Pois bem, depois de aquele imenso espaço geográfico ter sido o corredor de tantas invasões, povoada por tantos povos e sujeito a tantas soberanias, com avanços e recuos fronteiriços ao longo dos séculos, definir a identidade ucraniana como tendo uma unidade nacional una e coesa afigurasse-me uma tarefa deveras difícil.

No entanto, as imagens televisivas que nos chegam e as reportagens feitas pelos jornalistas parecem indicar que existe uma forte coesão entre os defensores e uma enorme resistência contra o invasor.

Sabemos que neste conflito, como em qualquer outro, existe também uma guerra de informação e contra-informação mas, até ao presente, ainda não vi imagens de ucranianos a saudar as tropas invasoras embora, seguramente, deva ter sucedido, como aconteceu na cidade da Guarda e em Goa.

A invasão do rei D. João I de Castela fracassou, porque entre os combatentes que cercavam a cidade de Lisboa, por terra e pelo mar, alguns milhares foram atacados pela peste e pereceram. Quando a rainha D. Beatriz, sua mulher, manifestou também sinais de estar contaminada, não lhe restou outra alternativa a não ser a de abandonar o cerco e regressar ao seu país.

De nada lhe serviu invadir Portugal, no ano seguinte, com efectivos ainda mais poderosos, porque sofreu uma humilhante derrota na Batalha de Aljubarrota.

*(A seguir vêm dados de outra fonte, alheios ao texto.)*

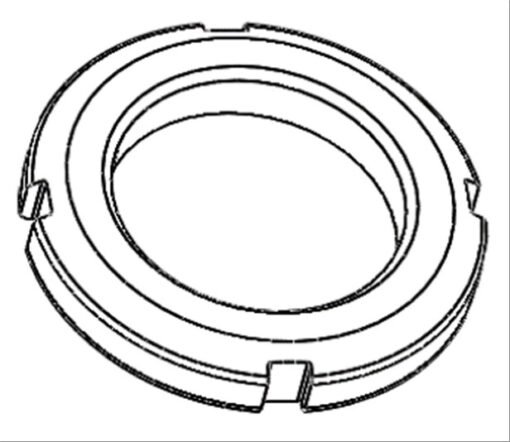 STORM BEARING ROUND NUT model: VICTOR LUXURY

Todavia, nessa longa disputa, o mais importante não foi a resiliência dos portugueses perante o cerco castelhano e a firmeza de D. João, Mestre de Avis - que, apesar de saber que estava no limite das capacidades defensivas não se rendeu ao invasor -, nem a genialidade de Nuno Álvares Pereira no comando da Batalha de Aljubarrota, mas a afirmação e a promoção do sentimento de nacionalidade que foi fortemente dinamizado pelos defensores, deixando bem claro que os partidários do Mestre de Avis defendiam a independência de Portugal contra aqueles que pretendiam entregar-se aos castelhanos e fundir as duas coroas.

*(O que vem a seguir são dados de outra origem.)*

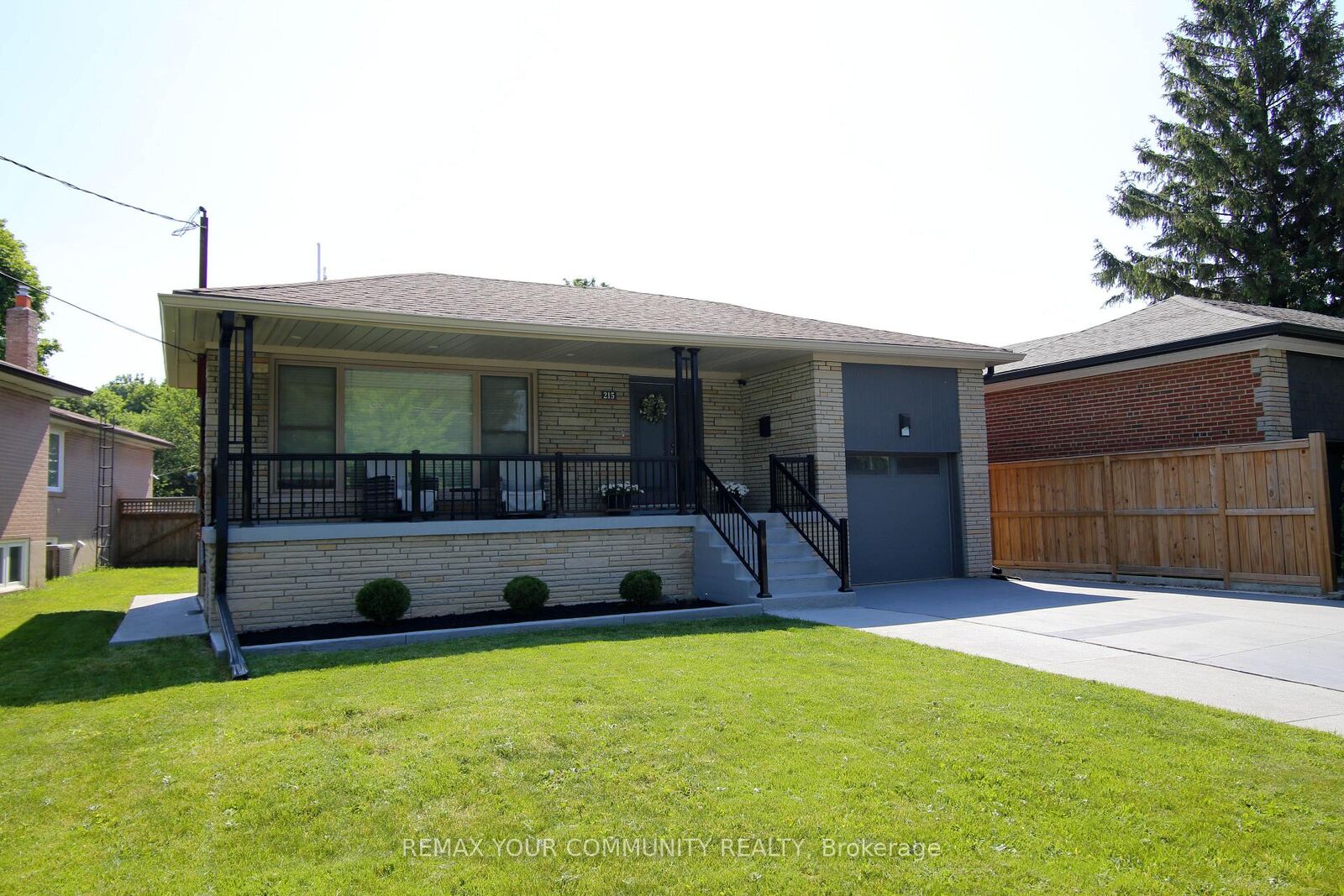 Property Photo: 215 Honiton Street ON M3H 5N7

Esse sentimento prevalecente do povo português, apesar de ter sofrido um período de dominação filipina, de 1580 a 1640, continua a persistir contra todas as adversidades, fazendo de Portugal uma das nações mais velhas da Europa e permitindo que Portugal e Espanha vivam harmoniosamente em paz e sossego.

No que respeita a Goa, pouco mais de sessenta anos volvidos após a sua invasão, as feridas ainda sobrantes continuam a ser cicatrizadas, e os Estados soberanos de Portugal e da Índia, esquecendo as desavenças do passado, mantêm, presentemente, excelentes relações bilaterais.

Contudo, mesmo que o Estado autónomo de Goa, um dia venha a ser completamente independente, Goa jamais tornará a ser portuguesa, porque as longas marés da história lavam os sentimentos e absorvem as emoções impedindo o regresso ao passado.

Das três invasões, a castelhana saiu derrotada, a indiana vitoriosa e a russa, por enquanto ninguém sabe qual será o seu desfecho mas, por mais poderoso que seja o exército invasor, a Ucrânia será sempre aquilo que o seu povo quiser.

Todavia, neste momento tão dramático, o imperioso não é saber quem será o vencedor, porque perdem ambos e a humanidade com eles, mas acabar urgentemente com a guerra e fazer todos os possíveis para que russos e ucranianos vivam em paz e sossego, assim como Portugal fez com a Índia e com a Espanha, apesar de ter participado nas guerras e invasões no passado.